Below, we fit a model with the interaction and make a coplot of the fitted and actual values.
We see that with the interaction, the slope of the fit below tensile strengh of 180 changes with hardness (steepest for the lowest values of hardness, shallowest for the highest hardnesses).
rubber.rlm = rlm(abrasion.loss ~ hardness * ts.low, data = rubber, psi = psi.bisquare)
coplot_hardness = coplot_hardness %>% mutate(interval_mean = get_interval_means(interval))
rubber.grid.final = expand.grid(hardness = unique(coplot_hardness$interval_mean),
tensile.strength = c(125, 180, 240)) %>% data.frame
rubber.grid.final = rubber.grid.final |> mutate(ts.low = tslow(tensile.strength))

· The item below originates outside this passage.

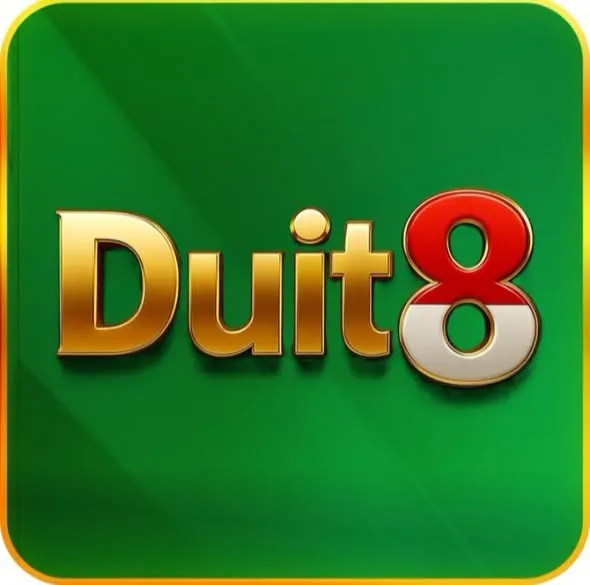 DUIT8 - Game Bingo Seru dan Menguntungkan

rubber.predict.final = augment(rubber.rlm, newdata = rubber.grid.final)
rubber.predict.final = merge(rubber.predict.final,
unique(coplot_hardness[,c("interval", "interval_mean")]),
by.x = "hardness", by.y = "interval_mean")
ggplot(coplot_hardness, aes(x = tensile.strength, y = abrasion.loss)) +
geom_point() +
geom_line(aes(x = tensile.strength, y = .fitted), data = rubber.predict.final) +
facet_wrap(~ interval, ncol = 4) +
scale_y_continuous("Abrasion loss") +
scale_x_continuous("Tensile strength")